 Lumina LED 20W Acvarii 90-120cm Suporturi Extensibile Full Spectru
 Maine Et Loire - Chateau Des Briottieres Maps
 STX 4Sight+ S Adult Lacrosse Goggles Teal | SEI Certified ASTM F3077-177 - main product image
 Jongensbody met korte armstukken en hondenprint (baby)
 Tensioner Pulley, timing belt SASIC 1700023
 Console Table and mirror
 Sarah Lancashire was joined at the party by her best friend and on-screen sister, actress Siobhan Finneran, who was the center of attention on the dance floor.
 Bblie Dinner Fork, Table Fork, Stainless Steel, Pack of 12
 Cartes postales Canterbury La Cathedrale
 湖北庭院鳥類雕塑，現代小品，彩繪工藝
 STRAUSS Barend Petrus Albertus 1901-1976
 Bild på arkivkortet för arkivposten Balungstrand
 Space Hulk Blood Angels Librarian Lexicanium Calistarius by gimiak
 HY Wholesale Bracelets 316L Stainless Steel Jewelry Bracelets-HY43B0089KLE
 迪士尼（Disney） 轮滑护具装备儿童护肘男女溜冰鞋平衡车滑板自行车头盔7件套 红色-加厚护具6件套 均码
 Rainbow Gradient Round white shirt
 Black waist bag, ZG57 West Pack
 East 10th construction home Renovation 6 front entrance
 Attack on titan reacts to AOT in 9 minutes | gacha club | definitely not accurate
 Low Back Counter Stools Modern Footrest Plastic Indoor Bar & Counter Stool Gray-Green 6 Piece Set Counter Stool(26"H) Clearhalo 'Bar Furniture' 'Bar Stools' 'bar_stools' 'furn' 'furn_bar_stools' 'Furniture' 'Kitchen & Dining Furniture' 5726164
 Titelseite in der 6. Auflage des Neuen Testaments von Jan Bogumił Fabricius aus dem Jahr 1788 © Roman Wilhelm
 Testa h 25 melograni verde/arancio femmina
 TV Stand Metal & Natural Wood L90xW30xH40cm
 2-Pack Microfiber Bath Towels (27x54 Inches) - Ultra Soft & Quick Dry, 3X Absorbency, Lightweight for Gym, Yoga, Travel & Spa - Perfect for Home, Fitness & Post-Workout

=======

- HOW TO COMPLETE THIS TASK:
Taking the entries above, print exactly the lines starting at the line with "Maine Et Loire" and ending at the line with "Attack on titan", both included.

- EXERCISE SOLUTION:
 Maine Et Loire - Chateau Des Briottieres Maps
 STX 4Sight+ S Adult Lacrosse Goggles Teal | SEI Certified ASTM F3077-177 - main product image
 Jongensbody met korte armstukken en hondenprint (baby)
 Tensioner Pulley, timing belt SASIC 1700023
 Console Table and mirror
 Sarah Lancashire was joined at the party by her best friend and on-screen sister, actress Siobhan Finneran, who was the center of attention on the dance floor.
 Bblie Dinner Fork, Table Fork, Stainless Steel, Pack of 12
 Cartes postales Canterbury La Cathedrale
 湖北庭院鳥類雕塑，現代小品，彩繪工藝
 STRAUSS Barend Petrus Albertus 1901-1976
 Bild på arkivkortet för arkivposten Balungstrand
 Space Hulk Blood Angels Librarian Lexicanium Calistarius by gimiak
 HY Wholesale Bracelets 316L Stainless Steel Jewelry Bracelets-HY43B0089KLE
 迪士尼（Disney） 轮滑护具装备儿童护肘男女溜冰鞋平衡车滑板自行车头盔7件套 红色-加厚护具6件套 均码
 Rainbow Gradient Round white shirt
 Black waist bag, ZG57 West Pack
 East 10th construction home Renovation 6 front entrance
 Attack on titan reacts to AOT in 9 minutes | gacha club | definitely not accurate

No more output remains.